Title :
Design and implementation of a web structure mining algorithm using breadth first search strategy for academic search application
Author :
Jeyalatha, S. ; Vijayakumar, B.
Author_Institution :
Dept. of Comput. Sci., BITS Pilani, Dubai, United Arab Emirates
Abstract :
This paper deals with Web Structure Mining, using the Breadth First Search strategy. While browsing the web, the user has to go through many pages of the Internet, filter data and download required information. This task of searching and downloading is time consuming. Sometimes the search queries call for specific option, say, limiting search to few links. To reduce the time spent by users, a web link extraction tool has been designed and implemented in Java, that analyzes the ways of extracting web link information using a standard interface. The Test Scenario has been presented with various keywords like Higher Education, Conference Alerts and Special Interest Group. The present work can be a useful input to Web Users, Faculty, Students and Web Administrators in a University Environment. The web extraction tool helps to save time in searching and downloading files from the web. Another strong requirement is to verify whether the search keywords which have been entered by the user, gives an user accurate and relevant results. This is made possible by performing a quick check on search links.

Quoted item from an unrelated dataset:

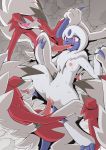  absol balls canid canine claws erection female feral fur genitals group group_sex hi_res lycanroc male male/female male_penetrating mammal midnight_lycanroc nintendo open_mouth penetration penis pok&eacute;mon pok&eacute;mon_(species) pussy red_body red_eyes red_fur sex simple_background tongue vaginal vaginal_penetration video_games white_body white_fur yamatokuroko965 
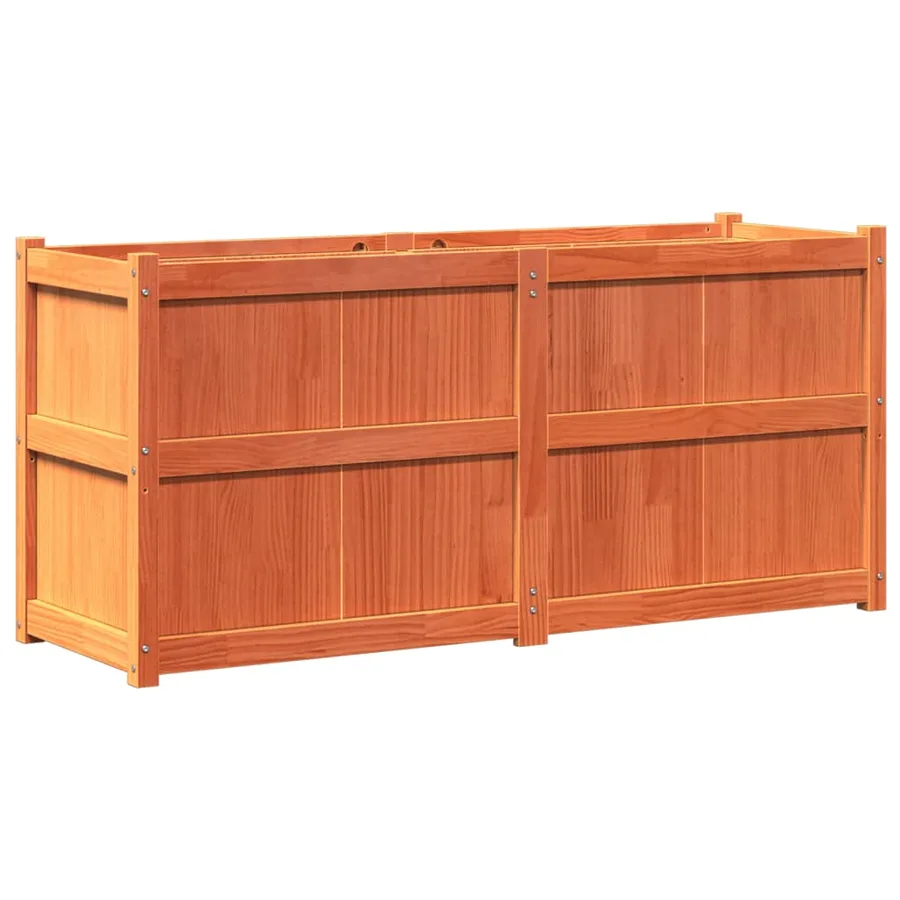 Jardinière cire marron 150x50x70 cm bois de pin massif - 2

The user can also view the internal links present in the selected HTML files and the adjacency list of the crawled files.
Keywords :
Internet; data mining; tree searching; Internet; Java; Web extraction tool; Web link extraction tool; Web link information; Web structure mining; academic search application; breadth first search; search queries; standard interface; Data mining; Google; HTML; Java; User interfaces; Web pages; XML; Adjacency List; Breadth First Search; Downloading; Web Extraction; Web Structure Mining;
Conference_Titel :
Internet Technology and Secured Transactions (ICITST), 2011 International Conference for
Conference_Location :
Abu Dhabi
Print_ISBN :
978-1-4577-0884-8